Cette contribution ouvre la porte à une discussion plus profonde sur le rôle central de la technologie, à la fois dans la domination et dans la libération. Elle affirme que surmonter le fossé numérique n’est plus un luxe organisationnel mais une nécessité pour la survie de la gauche. La bataille ne se joue plus seulement sur le terrain physique. Elle se déroule aussi dans les algorithmes, la conscience, les données et les réseaux numériques. Cet article se veut une première contribution à une vision socialiste critique de l’intelligence artificielle, du point de vue de la gauche numérique. Il examine à la fois comment l’IA approfondit la domination capitaliste et comment elle pourrait être explorée comme un outil de libération dans un cadre socialiste. Ce n’est pas un simple exercice théorique. C’est une tentative pratique-théorique pour susciter une conversation de gauche sur l’intelligence artificielle et proposer des alternatives réalistes afin de libérer la technologie du contrôle des États puissants et des monopoles. À tout le moins, il s’agit d’une proposition visant à définir et à réguler son rôle à court terme, et à l’orienter au service de la justice sociale, de l’égalité et de la démocratie.
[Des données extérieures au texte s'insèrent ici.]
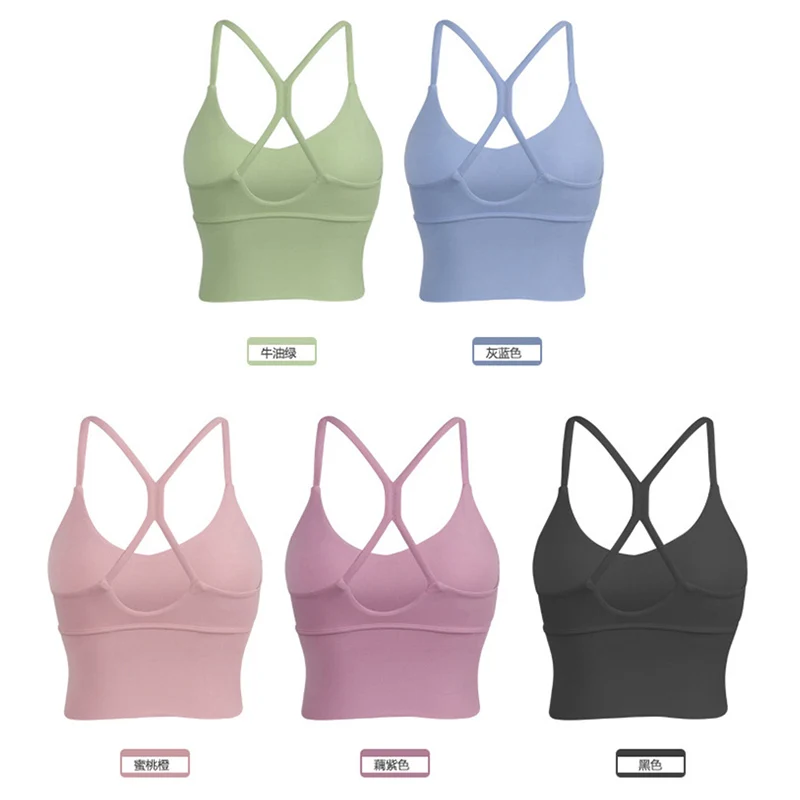 

WOHUADI Women Sport Suit Gym Set Sexy Sling Sports Bra Yoga Set Female Gym Clothing seamless leggings Fitness workout 2pcs set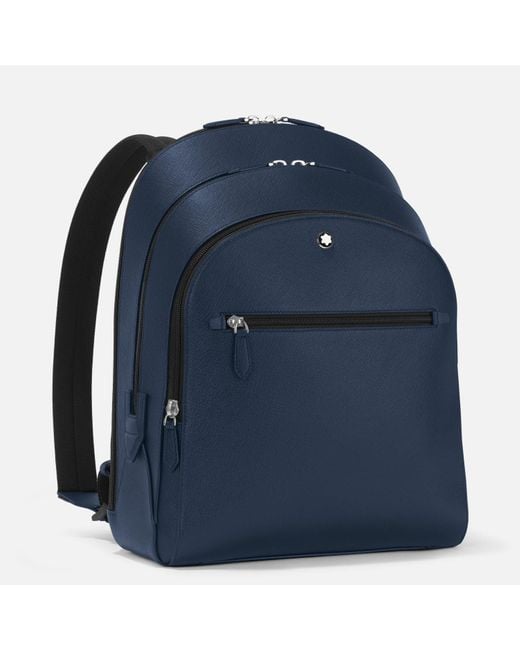 Montblanc Sartorial Rucksack Mittelgroß Mit 3 Hauptfächern in Blue für Herren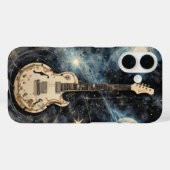 Coques Case-Mate iPhone Guitare électrique flottant dans l'espace musical (Verso (horizontal))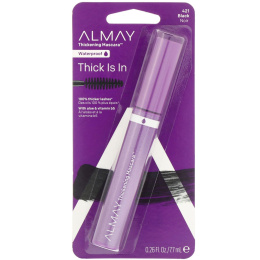 Almay, Водостойкая объемная тушь One Coat, 421, черная, 0,26 ж. унц. (7,7 мл)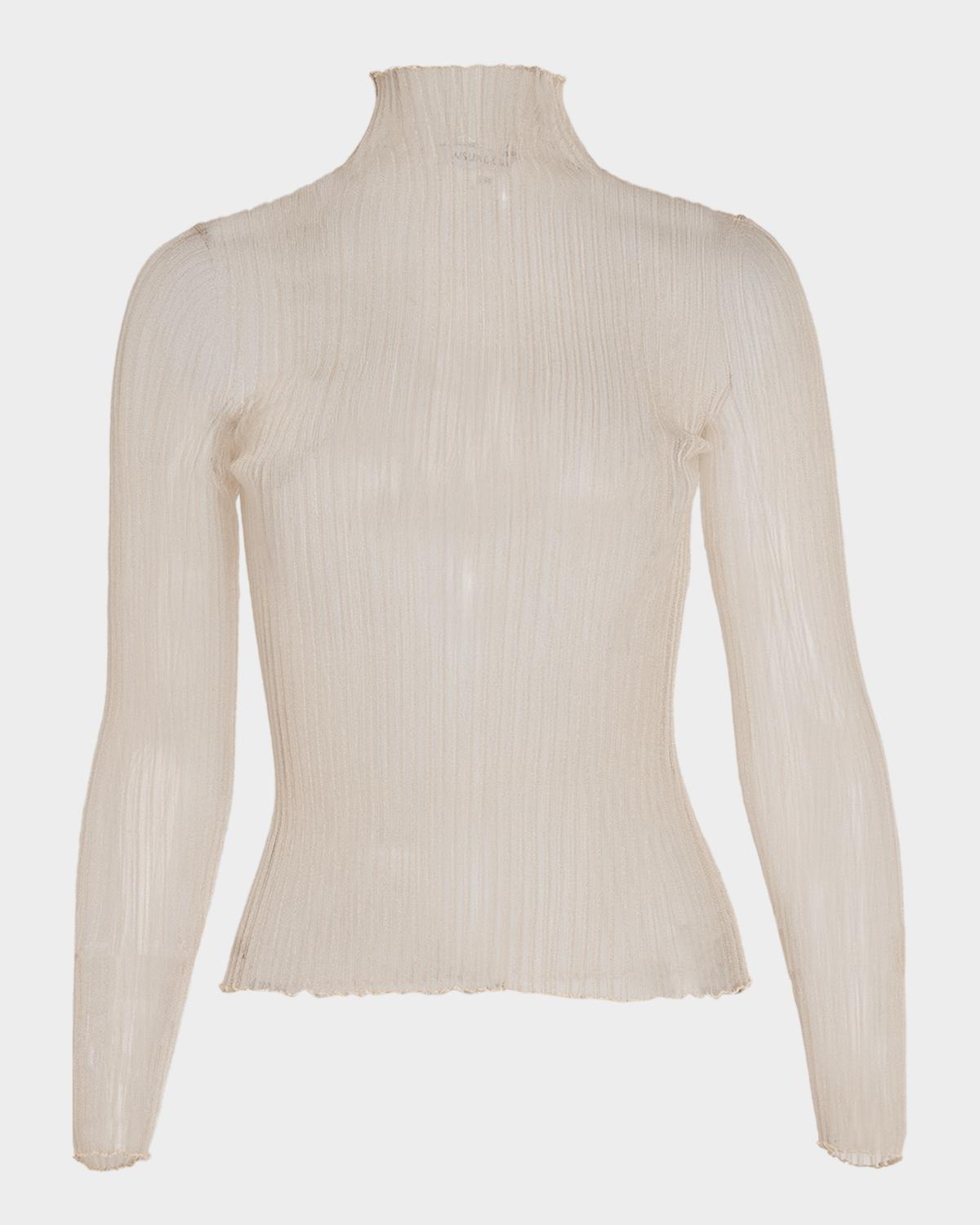 Aisling Camps Modern Mist Translucent Ribbed Turtleneck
La lutte autour de la technologie n’est pas une lutte contre la science en elle-même, mais contre la monopolisation de la science par des forces dominantes qui l’utilisent pour accroître le profit et renforcer le contrôle. L’intelligence artificielle ne doit pas être vue comme une menace en soi, mais comme un nouveau champ de bataille façonné par l’équilibre des forces sociales, politiques, économiques et intellectuelles. En temps de crise, le capitalisme se réinvente et se restructure à travers l’usage d’outils scientifiques et technologiques avancés. Ceux-ci lui permettent de surmonter les difficultés sans modifier son noyau exploiteur. Par exemple, lors de la crise financière mondiale de 2008, les gouvernements capitalistes ont utilisé la science, la technologie et les fonds publics pour sauver l’économie, permettant au système financier de continuer tout en transférant les coûts de l’échec à la classe ouvrière. De même, pendant la pandémie de COVID-19 en 2020, beaucoup à gauche pensaient que le capitalisme entrait dans une crise terminale. Pourtant, le capitalisme a une nouvelle fois survécu. Les gouvernements et les grandes entreprises ont accéléré l’usage de l’automatisation, de l’intelligence artificielle et du télétravail, permettant à l’économie capitaliste de persister malgré les confinements mondiaux. Cependant, ce changement a conduit à une baisse de la dépendance vis-à-vis du travail humain, à l’augmentation des profits des entreprises et à une insécurité ou à des licenciements massifs pour les travailleurs.

Ces développements montrent comment le capitalisme utilise la science et la technologie comme outils pour surmonter les crises et se restructurer pour survivre. Le capitalisme emprunte même parfois certains concepts marxistes ou socialistes, comme l’intervention de l’État ou le soutien aux groupes marginalisés, mais seulement temporairement et uniquement pour stabiliser le système. Une fois la crise terminée, ces mesures sont annulées et l’exploitation reprend avec des outils encore plus perfectionnés. Face aux défis de l’ère numérique, la gauche doit apprendre de cette flexibilité et de ces avancées scientifiques. Elle ne doit pas abandonner ses valeurs émancipatrices, mais plutôt remodeler et moderniser son discours, ses outils et ses stratégies de manière scientifique afin de suivre le rythme des transformations rapides. Cela inclut l’usage d’outils scientifiques modernes, non seulement pour analyser avec précision les enjeux sociaux, économiques et politiques, mais aussi pour créer un discours politique réaliste et fondé sur des preuves, et développer des mécanismes organisationnels flexibles qui élargissent la base de la gauche. Cela est particulièrement important pour attirer les jeunes générations, qui ont grandi dans un monde dominé par la technologie.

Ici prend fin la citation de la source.